L06_476

Lecture 6¶

Announcements¶

Faculty candidate talks coming up!
- Alli Nilles
  - Tuesday 1/30 4pm CF 316 Teaching Demo: Introduction to the Branch-and-Bound Approach
- Brad McCoy (Computational Topology)
  - Thursday 2/1 4pm CF 105 Research Talk: An Invitation to Computational Topology
  - Friday 2/2 4pm CF 316 Teaching Demo: Dynamic Programming and Edit Distance

Goals¶

Analyze the invariances provided (and not provided) by the Harris corner detector
Understand the mathematical framework for (linear) geometric transformations on images (image warping).
Know what is possible with 2D linear transformations (scale, shear, rotation)
Understand the motivation and math behind homogeneous coordinates.
Know what is possible with 2D affine transformations (all of the above, plus translation)
Understand the concept of invariance as pertains to feature detectors and feature descriptors
Know the how and why of the MOPS feature descriptor

Throwback Tuesday: Notes on the Laplacian pyramid down/up weirdness:¶

On the way down, we do:

$$L_i = G_i - blur(G_i)$$ $$G_{i+1} = sub(blur(G_i))$$

On the way back up, we do: $$G_i = up(G_{i+1}) + L_i$$

We'd like for these to be inverses; in other words, if we rearrange the "up" to solve for $L_i$, they should be equal:

$$ \textrm{(downward)\hspace{2em} } G_i - up(G_{i+1}) \stackrel{?}{=} G_i - blur(G_i) \textrm{\hspace{2em}(upward)} $$ Cancel some terms: $$ \textrm{(downward)\hspace{2em} } up(G_{i+1}) \stackrel{?}{=} blur(G_i) \textrm{\hspace{2em}(upward)} $$

But if we plug in the downward definition of $G_{i+1}$ on the left, we get: $$ \textrm{(downward)\hspace{2em} } up(sub(blur(G_i))) \stackrel{?}{=} blur(G_i) \textrm{\hspace{2em}(upward)} $$

This would be true if $up$ and $sub$ were perfect inverses on a blurred image, but they're not.

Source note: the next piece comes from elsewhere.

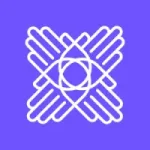 LifeCoachAI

We can fix this by changing the downward-direction rule; instead of $$L_i = G_i - blur(G_i)$$ we will replace $blur(G_i)$ with the upsampled version of $G_{i+1}$ that we'll actually have on the way back up: $$L_i = G_i - up(G_{i+1})$$ $$L_i = G_i - up(sub(blur(G_i))$$

In [1]:

# boilerplate setup
%load_ext autoreload
%autoreload 2

%matplotlib inline

import os
import sys

src_path = os.path.abspath("../src")
if (src_path not in sys.path):
    sys.path.insert(0, src_path)

# Library imports
import numpy as np
import imageio.v3 as imageio
import matplotlib.pyplot as plt
import skimage as skim
import cv2

# codebase imports
import util
import filtering
import features
import geometry

Plan¶

Harris Invariances
2D linear tx
Break
Affine tx
MOPS descriptor

Good Features:¶

What makes good features?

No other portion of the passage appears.